Lo mire extrañado, actuando tan inocente como pude mientras agarraba yo también una pieza de pan. —¡¿Qué? ¡¿Qué pasa?

Él sonrió. —¡Oh estoy seguro que me oíste, Lovi!~

—¡C-como un cuerno que te oí, maldición! —rápidamente aparte la vista de él.

De esta manera era incapaz de ver su cara, pero podía decir que la sonrisa de Feliciano se amplió inmediatamente. —Veee~ Bueno, está bien, si tu insistes, ¡te preguntare otra vez!

—¡Qué- N-no estoy insistiendo nada en la absoluto, tú pequeño trol! Realmente no tienes que preguntar…

—¡Pero quiero hacerlo!~ —Rió tontamente y se inclinó un poco más hacia mí—. ¿Entonces, hermano? ¿Cómo se siente, hm? ¿Estar enamorado de mi suegro España?~

Gemí en voz baja, avergonzado, y me tapé la cara con las manos en un débil intento de ocultar mi cara enrojecida, la cual ardía, ardía con una intensidad que ponía en ridículo a las sonrisas asesinas de Antonio. ¡Es verdad! ¡En jodido ridículo, maldición!

—Solo estoy curioso, ¿sabes?~ —dijo Feliciano ene una voz cantora, aun cuando trato con fuerza de apartar una de mis manos de mi cara. —Me pregunto si tú sientes las mismas emociones burbujeantes y alegres que yo siento cuando estoy con Ludwig… ¡ah! Veee, por favor no me muerdas, hermano…

—¡N-no es nada que te importe, ¿bien? ¡ —gruñí y aparte sus molesta y algo grasientas manos. ¡Y al demonio con lo que él estaba diciendo, por cierto! ¿Yo, mordiéndolo? Sí, claro. ¡De ninguna manera yo iría a morder esa mugrienta mano suya! Prefiero morder una grande y española no no no, no empieces, no empieces.

Feliciano se quejo. —Veee… ¡Lovi, no eres nada divertido! ¡Somos hermanos, puedes decirme!~

—Yo no quiero decirte!

—¡¿Por qué no?

—¡Tengo mis malditas razones!

Mordí mi labio inferior. ¡E-era vergonzoso, maldición! ¿No podía entender ese cabeza hueca que yo aun estaba demasiado… no lo sé, huraño como para hablar de nuestros jodidos —oh Diosnovios, como si fuera la cosa más normal del mundo? Quiero decir, ni siquiera me había acostumbrado todavía a ser… g-gay, por no hablar de tener a un estúpido imbécil amante como Antonio…

…a-aun cuando yo realmente, realmente no quería perderlo.

…no, espera. ¿Qué? ¿Qué?

¿Yo "realmente no quería perderlo"? ¿De verdad pensé algo tan… tan ridículamente meloso y gay y amoroso y gay y estúpido y… y simplemente tan demasiadamente, DEMASIADAMENTE gay? M-mierda, ¿qué carajo? ¿Me estaba volviendo un segundo Feliciano? Oh mi Dios, NO. Sabía que podía estar celoso del tipo, pero vamos, tengo mis limites, gracias.

Pensé en la pregunta de Feliciano un poco más. Maldición, eso era… era simplemente tan… gah. Sentí mi cara ponerse aun más caliente y maldije entre dientes, lo que parecía volverse uno de mis pasatiempos favoritos últimamente, en serio, si me las arreglaba para seguir con esto probablemente haría una serpiente perfecta.

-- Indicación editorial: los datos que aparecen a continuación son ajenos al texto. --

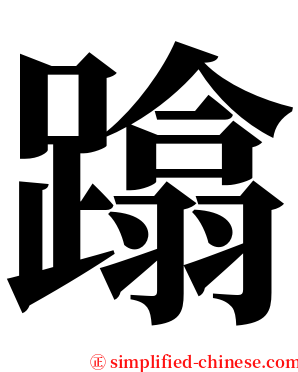 蹹 serif font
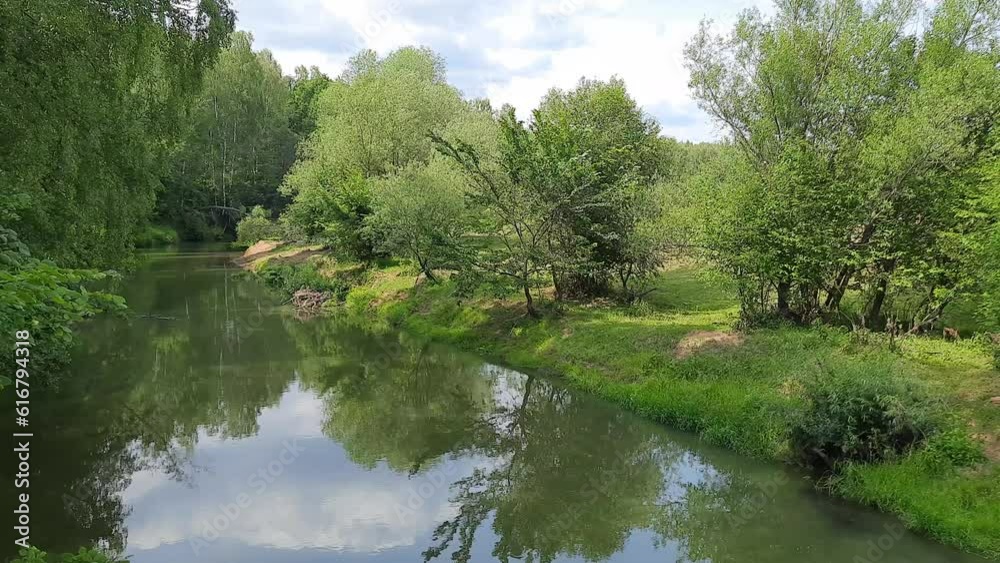 Slowly flowing green river with forested banks and grass in summer Slowly flowing green river with forested banks and grass in summer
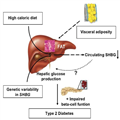 Relationships of Circulating SHBG With Metabolic Traits - Page 4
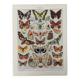 Planche illustrée sur les papillons (Europe) - 1930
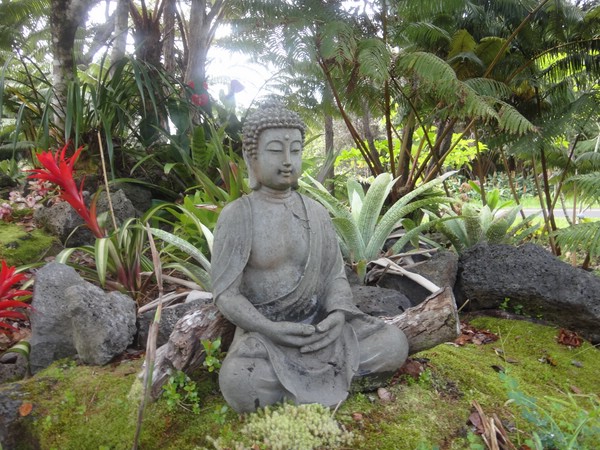 DSC08625.JPG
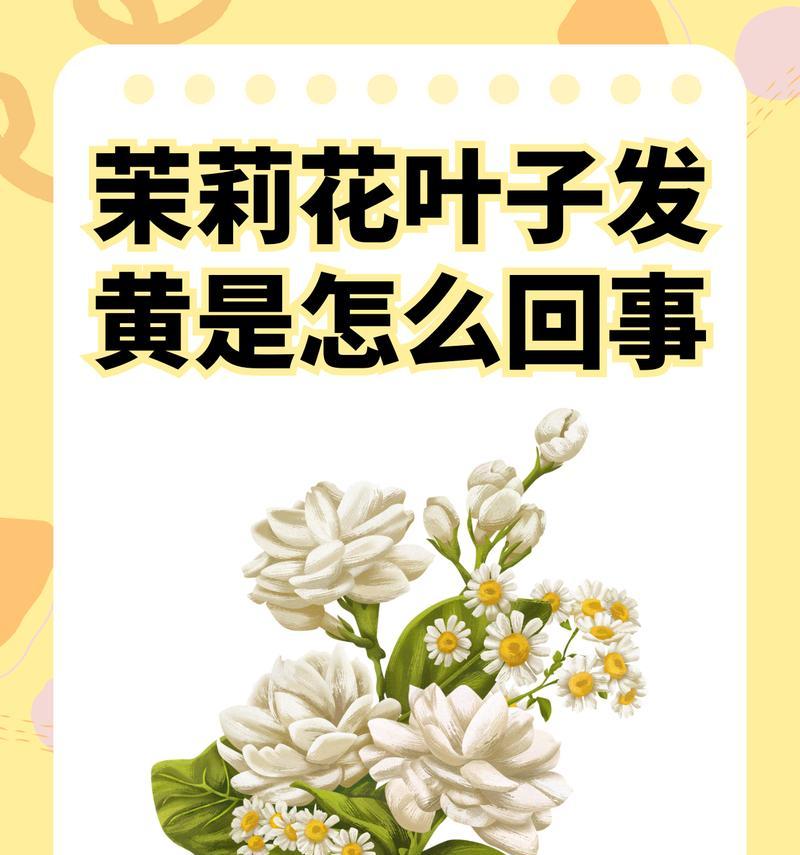 花卉叶子变黄是什么原因？如何预防和解决叶子发黄问题？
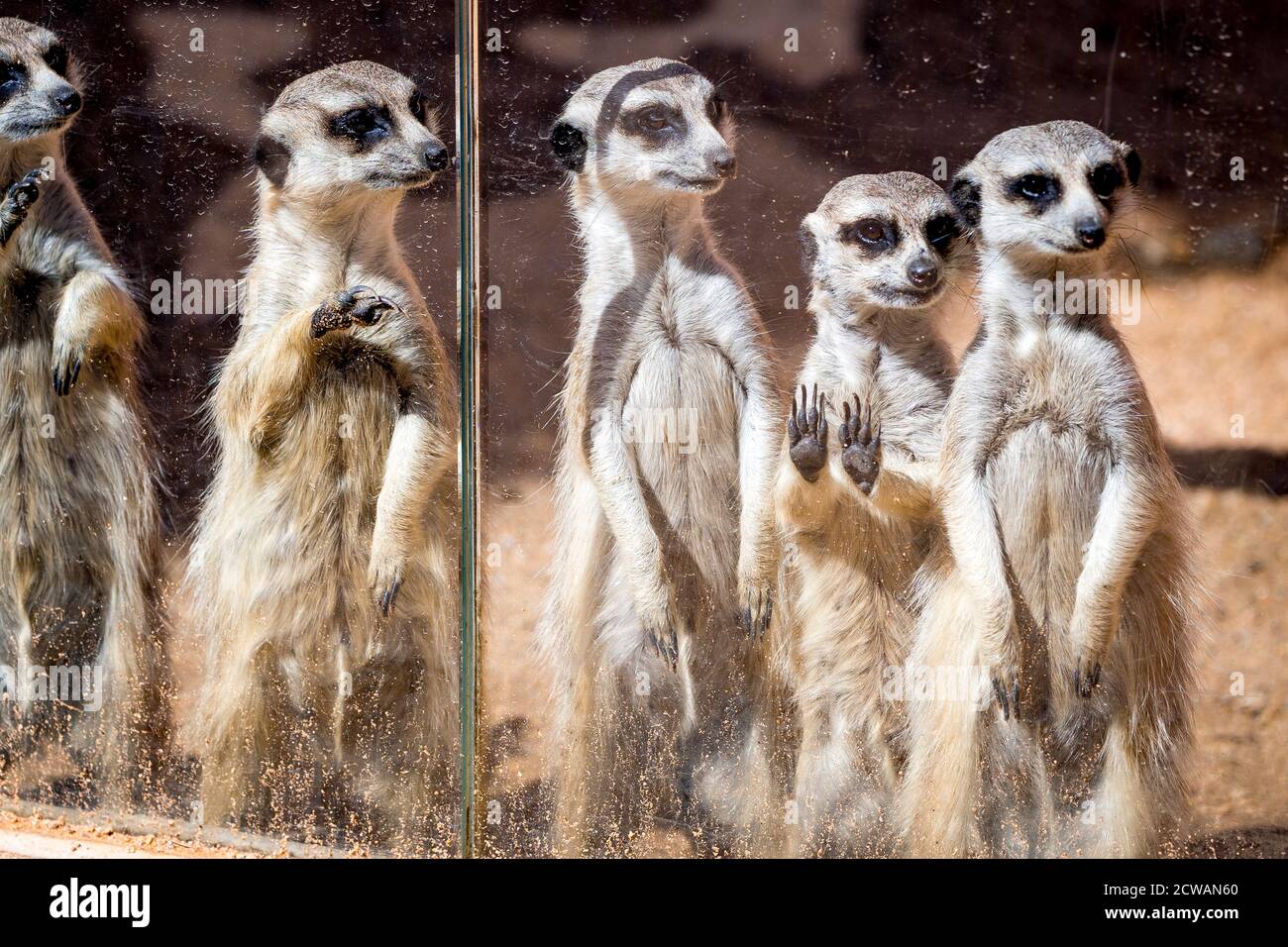 I meerkat allo Zoo di Dubbo si allineano al bicchiere per esaminare i loro visitatori umani. Foto Stock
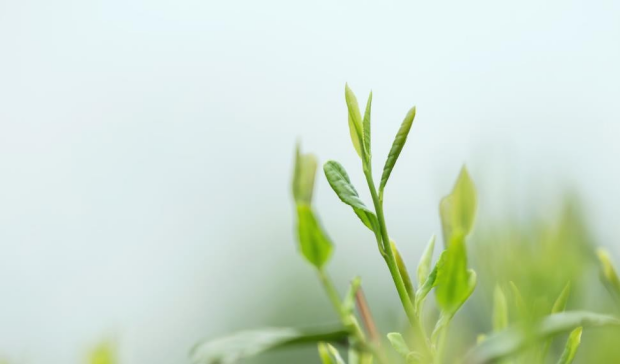 半天夭武夷岩茶传说是什么.png 半天夭武夷岩茶传说是什么.png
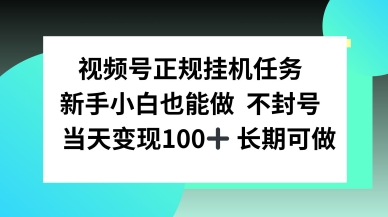 视频号正规挂播任务，有手就行不违规，轻松日入1张-老菜鸟
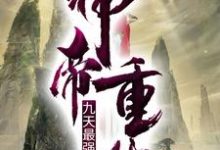 小说《神帝重生：九天最强赘婿》在线章节阅读-经典文学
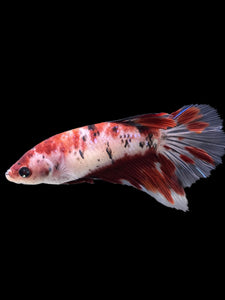 GIANT Female Halfmoon - Red Galaxy #334 Live Betta Fish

…pero… para responder a la pregunta de Feliciano (silenciosamente en mi cabeza, por supuesto)…

…era extraño. Estar enamorado, eso es. N-nunca lo había experimentado antes. Siempre me sentía raro y un poco tenso cada vez que ese bastardo-tomate estaba cerca pero… por otra parte también me sentía con ganas de sonreír enormemente como una especie de idiota retardado. Sentía que todo lo que usualmente me fastidiaría horrores, era… era menos molesto, siempre y cuando Antonio estuviera a mi lado.

Hablándome. Sonriéndome. Caminando conmigo. "Accidentalmente" rozando su mano contra la mía. Llenando mi cabeza con esponjadas nubes rosas…

…y b-besándome, s-siempre besándome, maldición, siempre, siempre sosteniéndome y besándome y haciéndome sentir mareado y especial y… y…

No importaba, en realidad. En verdad no importaba. Que me hiciera sentir tan… jodido y confundido y asustado, asustado una mierda, pero demonios, no me quería perder ni un solo momento de eso, ni siquiera por todo el dinero del mundo.

Dios. Simplemente no entiendo del todo este asunto del "amor".

Así que, ¿mi conclusión?

Amar a alguien era una maldita perra, maldición.

XxX

Después de un rato, Feliciano al fin paro de quejarse sobre mi terco silencio, eso fue una pequeña victoria, justo como lo era cualquier otro momento de "¡Desafiando a mi Hermano Menor!" lo era.

Pero sus grandes y brillantes ojos ahora estaban observándome aun más atentamente que antes. Jodidamente espeluznante. Me dieron ganas de sacar a un Rusia y huir jodidamente lejos como si él fuera esa chica Belarús, peor como yo era un orgulloso y duro italiano, me quede donde estaba.

Además, de ningún modo que el obtendría las últimas piezas de Bruschetta por una simple mirada escalofriante.

Inesperadamente, Feliciano alzo un dedo hacia mí y pico un cierto punto en mi cuello. Una y otra vez —molesto imbécil— hasta que tuve suficiente y golpee a mi hermano en la cabeza.

—¡Auch, Lovi! ¡Eso duele!~ ¡Eres tan malo!

—Mira si me importa.

Su cara cayó. ¡Bien! Pero no lo detuvo de seguir mirándome expectante.

—Veee… de cualquier modo, hermano… ¿qué es esa marca roja, hm?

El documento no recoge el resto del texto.